- **EXERCISE BRIEF**
Return a copy of every line in the data below that contains "Kids".

- **DATA TO USE**
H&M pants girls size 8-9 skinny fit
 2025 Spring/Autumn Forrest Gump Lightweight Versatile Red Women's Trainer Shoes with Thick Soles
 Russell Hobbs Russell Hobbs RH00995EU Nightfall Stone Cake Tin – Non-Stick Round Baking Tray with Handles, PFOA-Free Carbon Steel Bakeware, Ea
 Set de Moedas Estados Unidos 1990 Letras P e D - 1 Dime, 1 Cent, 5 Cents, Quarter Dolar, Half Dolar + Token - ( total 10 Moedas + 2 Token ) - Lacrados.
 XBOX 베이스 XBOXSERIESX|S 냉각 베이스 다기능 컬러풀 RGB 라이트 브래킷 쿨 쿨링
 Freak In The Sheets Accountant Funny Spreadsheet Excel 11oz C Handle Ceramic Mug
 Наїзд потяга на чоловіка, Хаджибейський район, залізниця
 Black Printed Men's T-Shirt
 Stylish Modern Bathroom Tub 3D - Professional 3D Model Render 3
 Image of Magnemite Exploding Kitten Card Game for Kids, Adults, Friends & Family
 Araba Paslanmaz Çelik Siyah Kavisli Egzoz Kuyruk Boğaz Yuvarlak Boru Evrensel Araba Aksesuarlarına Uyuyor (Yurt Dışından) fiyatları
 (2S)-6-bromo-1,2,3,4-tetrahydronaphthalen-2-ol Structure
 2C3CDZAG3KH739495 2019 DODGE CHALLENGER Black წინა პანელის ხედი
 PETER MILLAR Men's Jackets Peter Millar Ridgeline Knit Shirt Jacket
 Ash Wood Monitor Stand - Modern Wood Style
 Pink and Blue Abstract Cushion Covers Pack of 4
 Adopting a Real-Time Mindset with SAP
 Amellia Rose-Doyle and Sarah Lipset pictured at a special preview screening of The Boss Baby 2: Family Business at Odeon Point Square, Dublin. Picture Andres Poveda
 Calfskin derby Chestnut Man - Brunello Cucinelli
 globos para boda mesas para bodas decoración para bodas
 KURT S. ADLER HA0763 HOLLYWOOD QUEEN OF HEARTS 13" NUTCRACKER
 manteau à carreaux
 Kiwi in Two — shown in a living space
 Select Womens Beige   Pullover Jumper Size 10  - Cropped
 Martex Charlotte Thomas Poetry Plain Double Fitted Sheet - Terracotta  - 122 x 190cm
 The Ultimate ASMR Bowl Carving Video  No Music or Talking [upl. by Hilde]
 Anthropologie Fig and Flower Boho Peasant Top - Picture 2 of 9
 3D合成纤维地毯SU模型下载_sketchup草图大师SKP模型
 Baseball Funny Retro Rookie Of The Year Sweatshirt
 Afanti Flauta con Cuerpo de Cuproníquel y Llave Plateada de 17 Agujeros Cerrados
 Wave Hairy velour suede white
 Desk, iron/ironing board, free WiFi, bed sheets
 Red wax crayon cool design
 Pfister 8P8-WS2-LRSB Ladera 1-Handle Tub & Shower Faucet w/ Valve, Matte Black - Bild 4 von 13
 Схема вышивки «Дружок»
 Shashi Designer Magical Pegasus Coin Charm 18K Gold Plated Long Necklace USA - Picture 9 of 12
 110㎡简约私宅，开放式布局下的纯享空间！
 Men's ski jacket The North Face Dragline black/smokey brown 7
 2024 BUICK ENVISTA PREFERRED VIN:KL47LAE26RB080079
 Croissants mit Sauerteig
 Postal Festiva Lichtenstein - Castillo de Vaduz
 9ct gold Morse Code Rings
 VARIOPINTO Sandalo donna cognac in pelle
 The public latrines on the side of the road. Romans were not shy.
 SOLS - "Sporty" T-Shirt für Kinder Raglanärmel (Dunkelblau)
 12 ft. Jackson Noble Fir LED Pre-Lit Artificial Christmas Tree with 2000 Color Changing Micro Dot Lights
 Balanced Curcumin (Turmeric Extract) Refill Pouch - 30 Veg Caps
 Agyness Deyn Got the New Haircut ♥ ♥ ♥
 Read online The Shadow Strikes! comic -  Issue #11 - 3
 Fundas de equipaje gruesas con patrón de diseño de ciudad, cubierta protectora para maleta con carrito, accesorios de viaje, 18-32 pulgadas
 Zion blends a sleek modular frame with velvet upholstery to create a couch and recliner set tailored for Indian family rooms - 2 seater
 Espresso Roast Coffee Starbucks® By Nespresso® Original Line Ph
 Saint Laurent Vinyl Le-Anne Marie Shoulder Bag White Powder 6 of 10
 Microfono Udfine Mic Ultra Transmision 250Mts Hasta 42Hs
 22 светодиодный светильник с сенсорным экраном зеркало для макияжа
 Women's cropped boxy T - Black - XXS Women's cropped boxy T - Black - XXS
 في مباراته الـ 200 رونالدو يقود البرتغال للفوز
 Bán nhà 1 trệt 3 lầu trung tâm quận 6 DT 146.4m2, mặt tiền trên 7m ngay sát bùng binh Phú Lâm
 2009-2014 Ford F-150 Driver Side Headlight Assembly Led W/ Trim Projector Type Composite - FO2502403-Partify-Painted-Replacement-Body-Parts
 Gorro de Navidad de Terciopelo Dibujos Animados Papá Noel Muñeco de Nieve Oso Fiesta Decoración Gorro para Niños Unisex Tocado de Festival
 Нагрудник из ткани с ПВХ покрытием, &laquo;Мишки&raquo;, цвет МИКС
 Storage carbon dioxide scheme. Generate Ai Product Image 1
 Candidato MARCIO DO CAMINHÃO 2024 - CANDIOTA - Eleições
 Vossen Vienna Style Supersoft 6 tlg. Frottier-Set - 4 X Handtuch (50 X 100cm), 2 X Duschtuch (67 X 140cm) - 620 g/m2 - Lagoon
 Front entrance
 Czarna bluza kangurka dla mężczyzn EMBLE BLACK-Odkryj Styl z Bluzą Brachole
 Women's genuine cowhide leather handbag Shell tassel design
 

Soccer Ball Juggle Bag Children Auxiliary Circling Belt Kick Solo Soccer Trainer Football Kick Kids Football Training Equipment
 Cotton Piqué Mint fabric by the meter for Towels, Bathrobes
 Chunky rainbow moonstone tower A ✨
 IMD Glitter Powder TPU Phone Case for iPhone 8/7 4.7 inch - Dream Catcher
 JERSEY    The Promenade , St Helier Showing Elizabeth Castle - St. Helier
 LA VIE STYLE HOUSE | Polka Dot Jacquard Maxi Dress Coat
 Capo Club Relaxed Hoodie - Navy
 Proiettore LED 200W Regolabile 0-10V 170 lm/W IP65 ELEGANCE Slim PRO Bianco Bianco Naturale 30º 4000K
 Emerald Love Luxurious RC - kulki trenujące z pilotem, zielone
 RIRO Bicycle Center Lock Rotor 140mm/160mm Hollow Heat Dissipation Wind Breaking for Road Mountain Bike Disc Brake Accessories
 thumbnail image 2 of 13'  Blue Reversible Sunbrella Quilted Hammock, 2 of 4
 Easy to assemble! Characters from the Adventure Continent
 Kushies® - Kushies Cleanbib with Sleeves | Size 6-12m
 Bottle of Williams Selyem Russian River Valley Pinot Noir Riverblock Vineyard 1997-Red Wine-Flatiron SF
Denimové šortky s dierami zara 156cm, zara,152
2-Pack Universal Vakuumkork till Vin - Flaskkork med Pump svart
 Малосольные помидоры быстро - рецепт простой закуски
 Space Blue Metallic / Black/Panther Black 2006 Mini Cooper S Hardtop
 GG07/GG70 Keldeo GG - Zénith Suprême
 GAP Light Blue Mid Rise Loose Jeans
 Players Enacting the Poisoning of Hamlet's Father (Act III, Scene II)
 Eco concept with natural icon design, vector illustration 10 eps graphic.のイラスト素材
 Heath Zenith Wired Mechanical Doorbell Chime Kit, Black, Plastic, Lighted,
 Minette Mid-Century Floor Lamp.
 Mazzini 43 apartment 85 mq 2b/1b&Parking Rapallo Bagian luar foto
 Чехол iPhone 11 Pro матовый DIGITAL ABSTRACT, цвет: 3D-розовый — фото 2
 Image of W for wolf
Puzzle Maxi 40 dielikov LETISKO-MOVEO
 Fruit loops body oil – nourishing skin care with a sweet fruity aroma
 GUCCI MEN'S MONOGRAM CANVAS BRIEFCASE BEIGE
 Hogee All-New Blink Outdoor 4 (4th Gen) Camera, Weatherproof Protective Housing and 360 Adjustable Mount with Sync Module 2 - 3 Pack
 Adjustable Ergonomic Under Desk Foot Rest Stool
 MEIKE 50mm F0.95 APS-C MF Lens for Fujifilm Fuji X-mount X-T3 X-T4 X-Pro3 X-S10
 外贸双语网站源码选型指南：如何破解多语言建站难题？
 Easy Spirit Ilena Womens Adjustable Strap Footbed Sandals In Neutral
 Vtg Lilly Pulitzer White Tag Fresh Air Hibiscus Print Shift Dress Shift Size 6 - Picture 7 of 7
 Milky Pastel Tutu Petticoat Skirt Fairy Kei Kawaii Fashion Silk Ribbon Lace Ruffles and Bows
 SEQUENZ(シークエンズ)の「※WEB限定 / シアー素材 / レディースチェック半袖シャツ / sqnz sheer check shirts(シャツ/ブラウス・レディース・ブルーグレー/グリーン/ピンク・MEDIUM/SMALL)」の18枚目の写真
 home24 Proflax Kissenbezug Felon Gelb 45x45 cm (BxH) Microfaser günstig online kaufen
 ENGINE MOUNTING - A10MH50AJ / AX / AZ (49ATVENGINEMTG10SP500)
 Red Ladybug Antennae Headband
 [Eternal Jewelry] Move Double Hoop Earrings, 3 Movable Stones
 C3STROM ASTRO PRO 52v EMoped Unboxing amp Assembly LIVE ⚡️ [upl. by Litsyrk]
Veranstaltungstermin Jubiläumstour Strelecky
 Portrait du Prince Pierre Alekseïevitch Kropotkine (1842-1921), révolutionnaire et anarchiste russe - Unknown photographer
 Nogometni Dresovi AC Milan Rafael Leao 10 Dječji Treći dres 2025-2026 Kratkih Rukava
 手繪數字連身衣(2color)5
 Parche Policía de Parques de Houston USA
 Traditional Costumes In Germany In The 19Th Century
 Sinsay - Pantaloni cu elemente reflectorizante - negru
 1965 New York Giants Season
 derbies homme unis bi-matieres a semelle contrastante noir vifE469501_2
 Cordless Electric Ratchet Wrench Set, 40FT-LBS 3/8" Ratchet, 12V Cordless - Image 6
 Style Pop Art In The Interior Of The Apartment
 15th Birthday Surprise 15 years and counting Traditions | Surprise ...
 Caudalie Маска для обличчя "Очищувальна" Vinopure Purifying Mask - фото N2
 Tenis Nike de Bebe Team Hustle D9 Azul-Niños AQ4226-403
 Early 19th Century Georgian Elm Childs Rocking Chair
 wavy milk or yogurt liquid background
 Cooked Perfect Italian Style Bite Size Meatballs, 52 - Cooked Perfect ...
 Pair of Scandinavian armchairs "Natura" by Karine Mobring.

- **RESULT**
 Image of Magnemite Exploding Kitten Card Game for Kids, Adults, Friends & Family
Soccer Ball Juggle Bag Children Auxiliary Circling Belt Kick Solo Soccer Trainer Football Kick Kids Football Training Equipment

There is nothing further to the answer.